(Captioned web images)

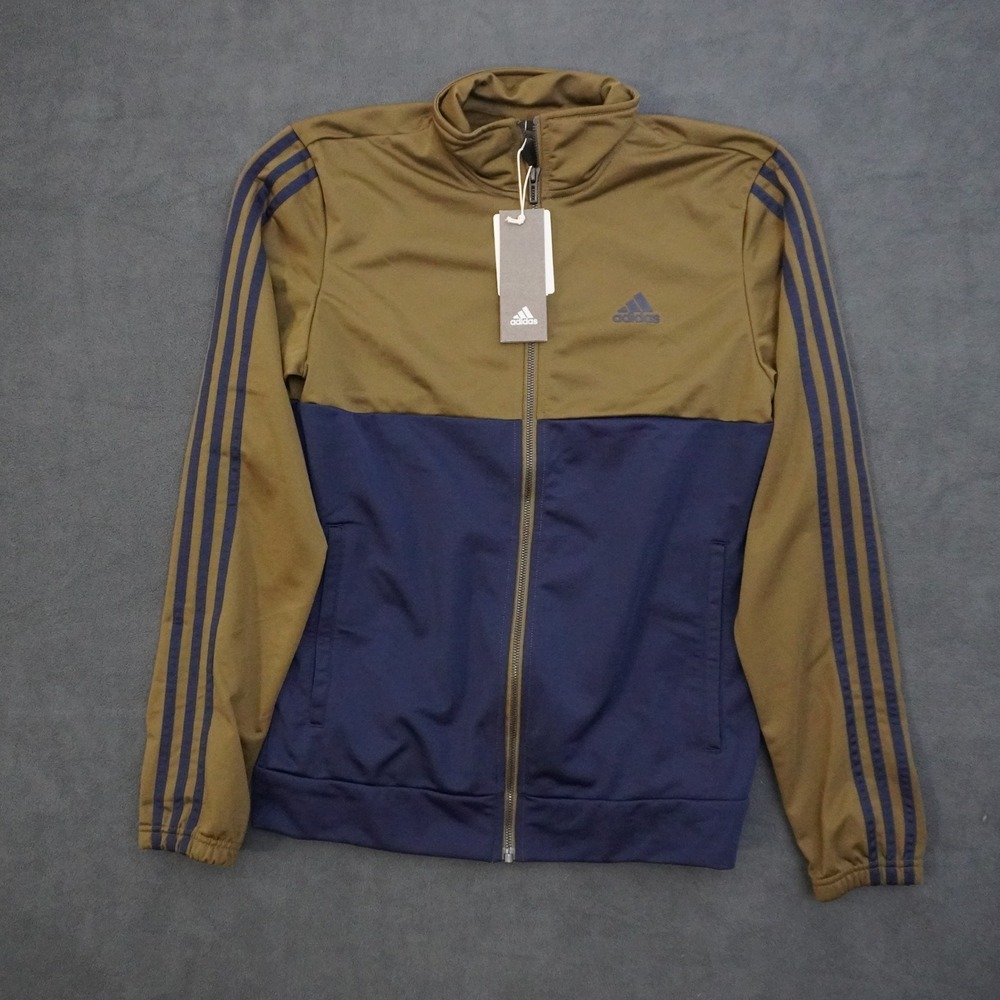 Adidas Back2Basics 3S TS Track Jacket Mens Small Olive Navy BQ8359 NEW
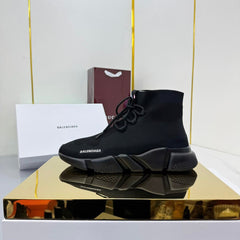 BALENCIAGA 25S SPEED 2.0 LACE-UP SNEAKERS IN BLACK KNITTED STYLE 3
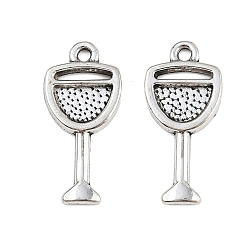 Античное Серебро Сплавочные подвески тибетского стиля, бокал, античное серебро, 19.5x9x1.5 мм, отверстие : 1.4 мм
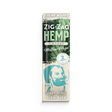Front view of the Zig-Zag Hemp Wraps in the Mellow Haze flavor variant featuring soothing blue and cream packaging. These premium natural wraps are designed for easy manipulation, providing a durable structure that holds tight without cracking during the rolling process.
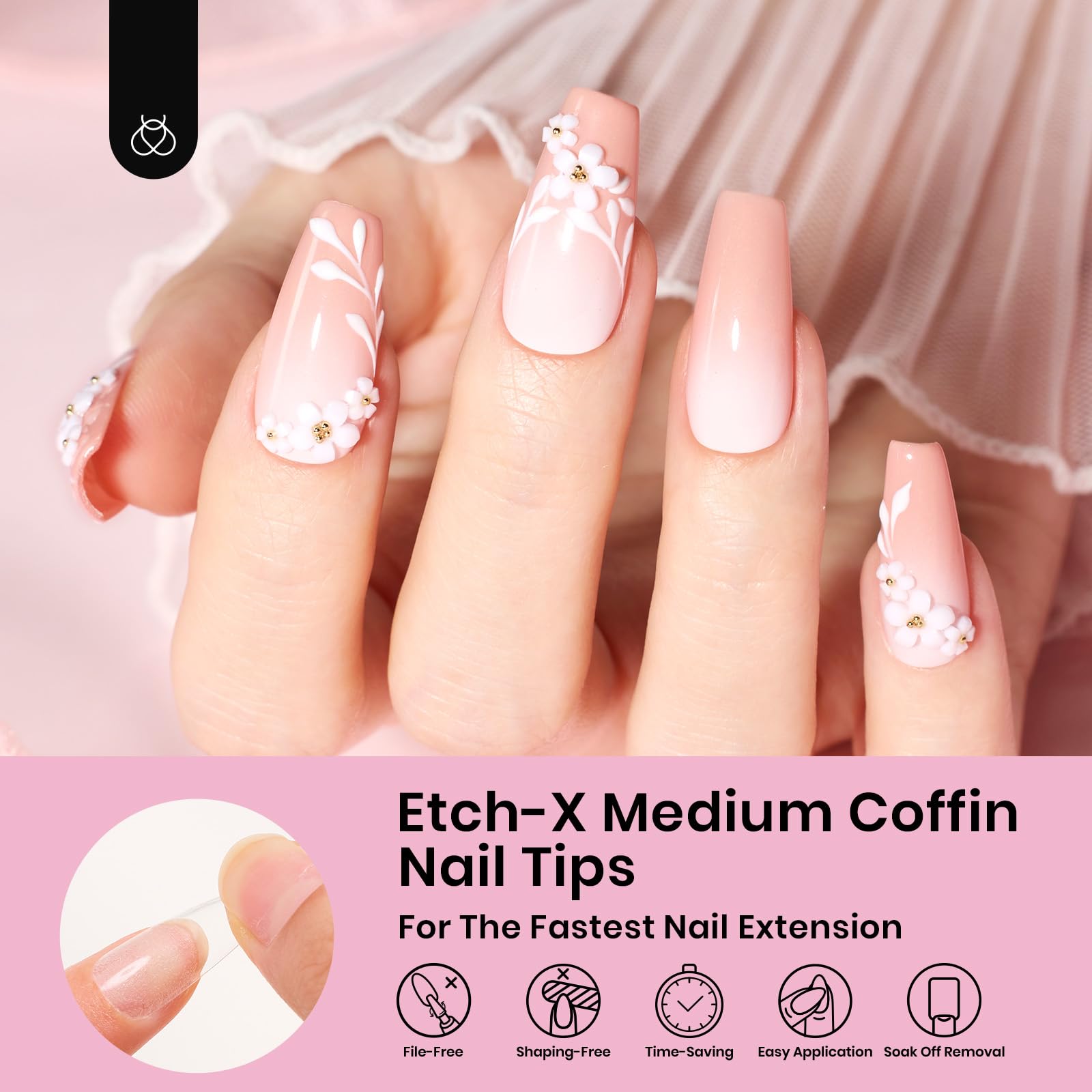 Beetles Full-cover nail tips application step image for quick enhancements.
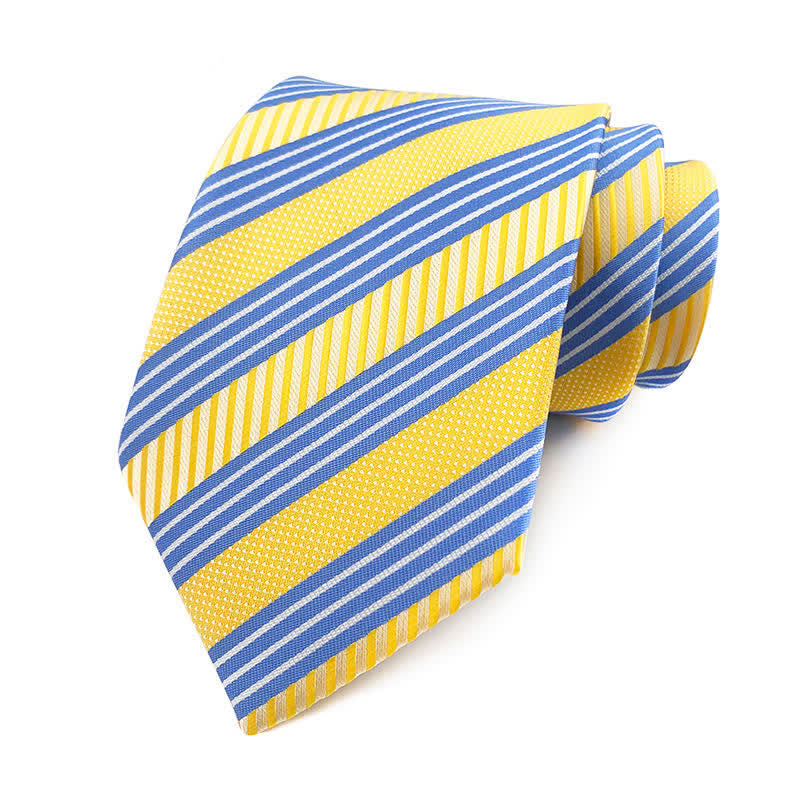 Cravate à rayures contrastées aux couleurs vives pour hommes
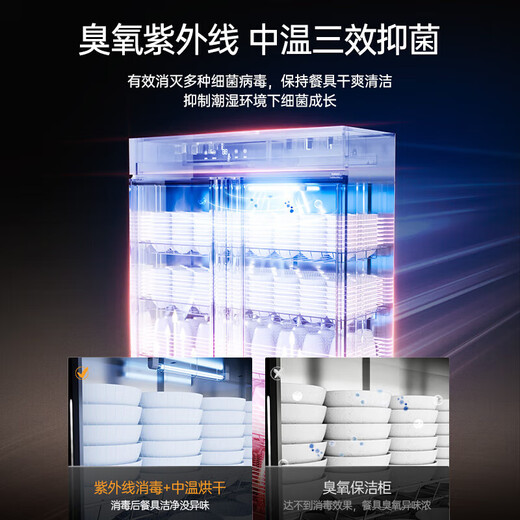 荣事达Royalstar消毒柜商用立式紫外线热风循环大容量双开门食堂饭店多层柜式碗柜餐饮餐具厨房茶杯【参数图为准】 690升双门丨一星级丨热风循环丨智能触控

# What to do:
Please copy the lines above, starting at the one that holds "Beetles Full-cover nail" and stopping after the last line, exactly as they appear and minus the pictures.

# The answer:
 Beetles Full-cover nail tips application step image for quick enhancements.
 Cravate à rayures contrastées aux couleurs vives pour hommes
 荣事达Royalstar消毒柜商用立式紫外线热风循环大容量双开门食堂饭店多层柜式碗柜餐饮餐具厨房茶杯【参数图为准】 690升双门丨一星级丨热风循环丨智能触控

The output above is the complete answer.